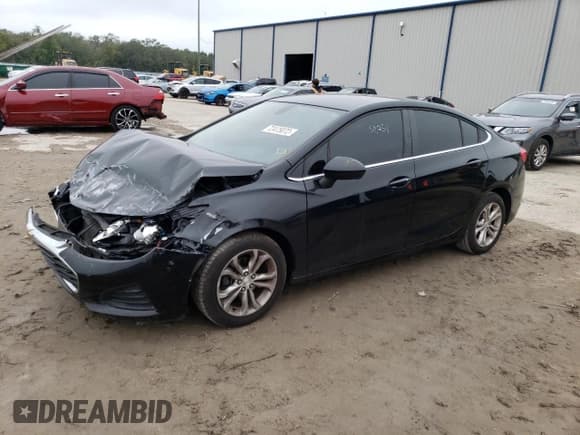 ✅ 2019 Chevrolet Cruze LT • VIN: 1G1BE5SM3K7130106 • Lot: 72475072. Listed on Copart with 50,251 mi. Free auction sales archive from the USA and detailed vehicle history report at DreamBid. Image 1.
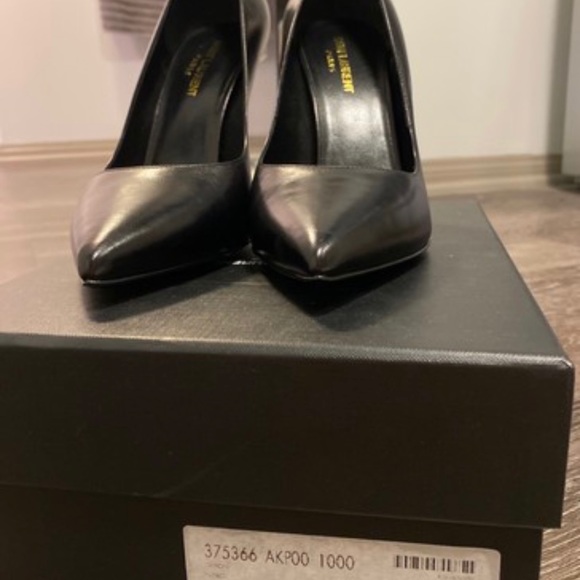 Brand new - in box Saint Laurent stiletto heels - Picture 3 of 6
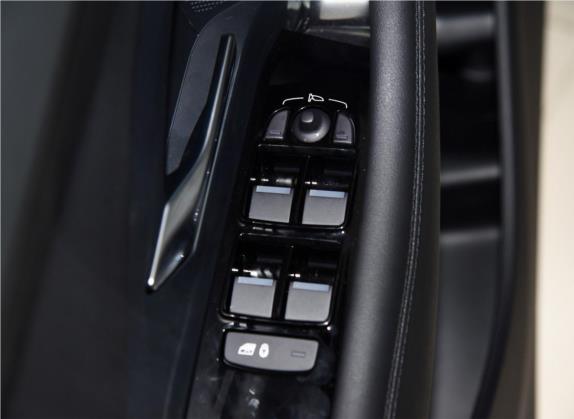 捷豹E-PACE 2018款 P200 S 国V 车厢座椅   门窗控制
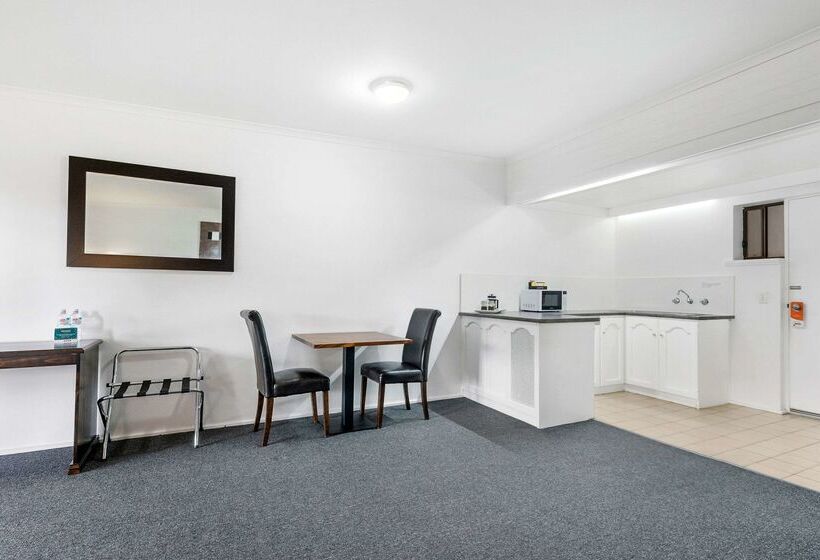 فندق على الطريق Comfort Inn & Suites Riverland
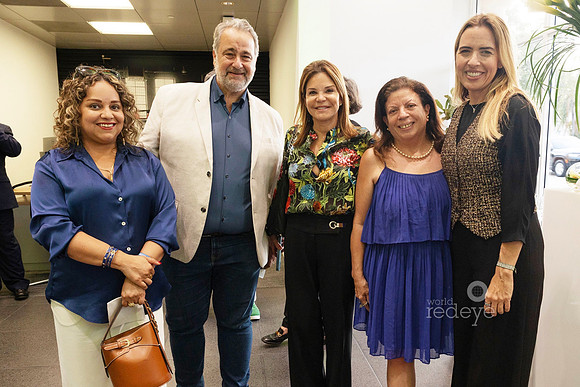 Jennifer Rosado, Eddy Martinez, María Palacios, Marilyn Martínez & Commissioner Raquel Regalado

Exercise aim => From the line containing "捷豹E-PACE 2018款 P200" through the last line of the material above, write out each line exactly, leaving aside all pictures.

The completed task =>
 捷豹E-PACE 2018款 P200 S 国V 车厢座椅   门窗控制
 فندق على الطريق Comfort Inn & Suites Riverland
 Jennifer Rosado, Eddy Martinez, María Palacios, Marilyn Martínez & Commissioner Raquel Regalado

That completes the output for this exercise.